Yes, three types of failure.
1. The “F”
Let’s start with the most trite type of failure, but perhaps the most corrosive since it gives birth to a perceptual limit in children that simply does not need to exist. The F. It’s a grade, supposedly an assessment of school performance. Letter grades were invented in the 1890s (yes, they’re in dire need of modernization). True story: Originally, there was A, B, C, D & E. Teachers were afraid students would think the E meant “excellent” so they changed it to F for “failure” so there could be no confusion. By the 1930s the F was everywhere.
Supposedly, grades are a reflection on effort and learning in a given assignment, task or test. Often though, this failure is in fact not a failure of the student, but rather a failure of the assessor/system to properly teach according to legitimate needs. It is also a failure of the assessor to clarify exactly what is being assessed. Is it effort? Growth? Learning? Mastery? Who decides? How is it decided?

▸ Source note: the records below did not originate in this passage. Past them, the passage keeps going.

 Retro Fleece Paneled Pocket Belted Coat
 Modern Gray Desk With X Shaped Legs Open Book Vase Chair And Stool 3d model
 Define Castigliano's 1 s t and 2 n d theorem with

Usually grades end up being a measurement of compliance to a vague and arbitrary expectation, and this is where the F’s crippling effects creep in. Students are placed in a situation that is often uninspiring, boring, lacking in meaning, and are expected to comply with the demands of the appointed leader (the teacher). Some students cannot connect authentically with the teacher or the material, and despite their efforts to understand how to navigate the complex and confusing landscape of school, they appear to be “failing.” This failure causes certain people (often artists, makers, healers, intuitives, would-be visionaries, outside-the-box thinkers) to feel confusion, hopelessness and frustration. This often leads to deep shame that they want to run away from (like many of the kids I work with), but year after year they are thrust again unwillingly back into the system that told them they were failures. This is a system that they do not know how to feel successful in. It feels like a lose/lose situation, so why try? They know they will never “make the grade” according to the rules of this game.

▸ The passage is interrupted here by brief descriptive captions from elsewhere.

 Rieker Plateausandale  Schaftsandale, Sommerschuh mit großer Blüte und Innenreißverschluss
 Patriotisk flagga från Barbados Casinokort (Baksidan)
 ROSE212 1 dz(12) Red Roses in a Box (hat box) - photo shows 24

I have come to believe that this type of failure is utterly unnecessary. Schools need revolutionary overhaul in order to fix this.
2. Failure as the crutch
As we get older, we can master using failure as a crutch, as a place to hide from taking healthy risks, to support our attempts at avoidance and resistance, as a reason to hold our greatness back. It dims our brightness.
This type of failure is driven by fear. We try something and expect to master it, and when we don’t, when we see that it requires time, hard work and even asking for help, we play the victim and give up before we’ve really tried. We fear that if we fail, we are failures. We think it diminishes our worth as a human being.
With failure as a crutch, we live in a story, a web of excuses and blame. Sometimes we talk about the blame with others when we know they will support our story, but sometimes it’s just a quiet story hiding in the dark corners of our minds, holding us back silently.
It matters not whether we blame ourselves, society, our parents, bosses. It’s all blame, it’s all avoidance. It says, “I am a failure. I can’t do it. It’s not worth the effort. I’m not enough in some way. Not good enough, smart enough, talented enough, funny enough, attractive enough, popular enough.” So we seek distractions.
This is real failure. It lacks the ability to be present since it is consumed with the story’s script. In other words, it is concerned with satisfying the ego and controlling future results which will depend on to affirm our worth, rather than being present for the journey. Jung would refer to this as the shadow self. It is limiting. It is sleep.
3. Failure as growth.
This is the failure that we should develop a love affair with. This is “good failure.” It is friend, not foe. It is a result of trying something new and seeing what happens. It is being present, in the moment, rather than obsessed with results and outcomes. There is an element of true play and adventure, fun and excitement. It is driven by meaningful work, by art, by hope for something interesting to happen. It does not depend on following the story line or script, but rather embraces an openness to possibilities and abundance. There is an element of childlike wonder and freedom in this failure. Instead of saying, “I am a failure” our souls respond with “that was a failure and now I have the opportunity to find a different way. Perhaps it will be better, perhaps not. But I am free to try again, to experiment, to grow, to be in the process, not the outcome.” It is a dance.
It’s an adventure. There is a sense of journey with this failure, a special ability to be present. It’s the easiest because it’s fun, free, and it leads to learning, growth and it’s an integral part of the path to success. Failure is just seen as normal bumps in the road, no big deal. But it is the hardest because it demands we dive deep and see what we’re made of. The fear is still there but we walk through it even though it is uncomfortable. We build a different relationship with fear, we listen to it differently. We let it speak but we are not ruled by it’s voice. Failure as growth demands an ironic honesty; an acknowledgement of how awesome and powerful we are.
Seeing our own light can be the scariest thing, but it is exactly what empowers our most authentic seeds to flourish.